Ces courriers, dont « Les Echos » ont eu connaissance, pointent l'éventuelle mise en place de nouveaux terminaux de jeux de loterie dans les points de vente de la FDJ, soit son activité en monopole, lesquels terminaux constitueraient une concurrence directe pour les casinos Barrière. « L'autorisation pour la FDJ de développer des jeux de loterie dans les terminaux installés dans le réseau de détaillants présents au sein de la zone de chalandise primaire des casinos du Groupe Barrière dans de nombreuses villes, va venir concurrencer directement nos établissements, avec des jeux extrêmement proches des jeux de casinos et ce, en contradiction avec le monopole existant », écrit notamment Dominique Desseigne. Le courrier adressé aux maires va plus loin encore puisque soulignant les « ravages » provoqués en Italie et en Allemagne par la « libéralisation » de « quasi machines à sous ».
Au passage, les deux textes balaient l'idée que le taux de retour aux joueurs, soit leur possibilité de gain, plus faible de la FDJ serait un frein à l'addiction. Par ailleurs, l'un comme l'autre rappellent le poids économique et social d'une filière casinos, extrêmement encadrée.
« Texte équilibré »
Interrogé, le ministère du Budget, lequel a la tutelle de la FDJ, désamorce toutefois ces inquiétudes. Ainsi, on y qualifie d'autant plus le projet d'ordonnance de « texte équilibré » que non seulement les pouvoirs publics ont « travaillé à droit constant » mais que la concertation à laquelle ont participé l'ensemble des acteurs du secteur des jeux d'argent s'est notamment traduite par l'introduction de certaines dispositions « à la demande des casinotiers ». C'est, entre autres, le cas de la limitation du nombre de terminaux par arrêté du ministre en charge du Budget. A ce propos, un arbitrage est attendu d'ici à la fin de l'été, sachant qu'on évoque, à ce stade, une fourchette de 4 à 8.

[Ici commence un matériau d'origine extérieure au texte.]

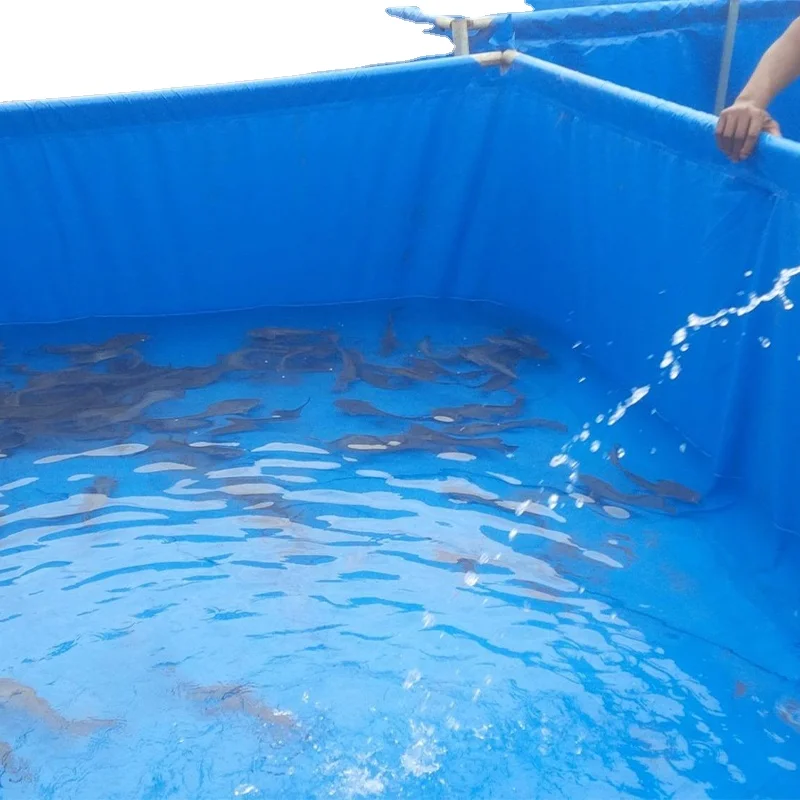 New Products Waterproof PE Tarpaulin Sheet 300gsm Plain Style Woven Technics Anti-UV Coating for Covering Industrial Equipment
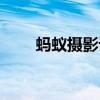 蚂蚁摄影课程值得买吗（蚂蚁摄影）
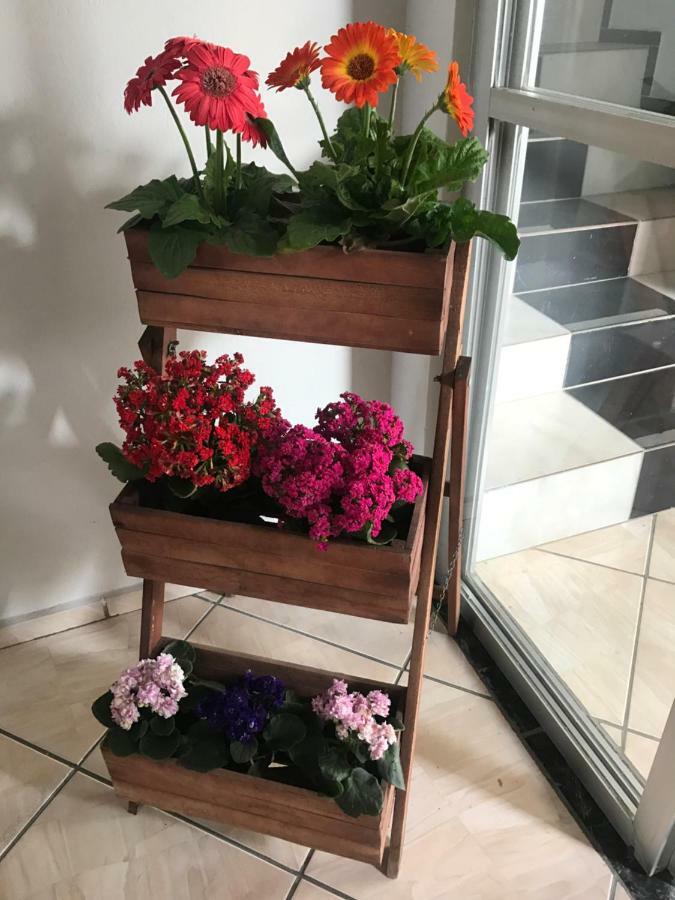נבגאנטס Forte Hotel Ranghetti מראה חיצוני תמונה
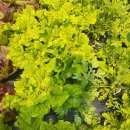 수아농장 이미지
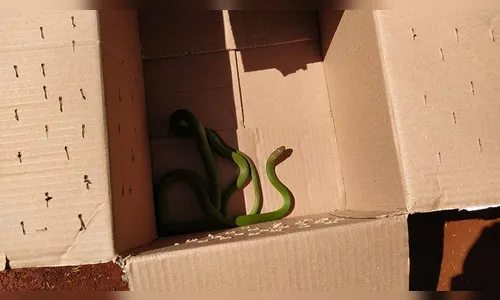 Cobra verde é capturada no quintal de uma casa em Arapongas; assista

Autres évolutions importantes : le contrôle du jeu en points de vente est durci avec la mise en place de caméras, tandis que l'âge des joueurs utilisant les terminaux doit être préalablement vérifié. En clair, les pouvoirs publics misent plus que jamais sur la responsabilité des détaillants. Enfin, la future Autorité nationale des jeux, qui coiffera l'ensemble du secteur des jeux d'argent, aura un capital dans le contrôle de la FDJ privatisée.
Pour mémoire, la privatisation du groupe public, qui doit se traduire par un abaissement de la part de l'Etat de 72 % à 20 %, passe par une concession de droit exclusif de son monopole pour une durée de vingt-cinq ans.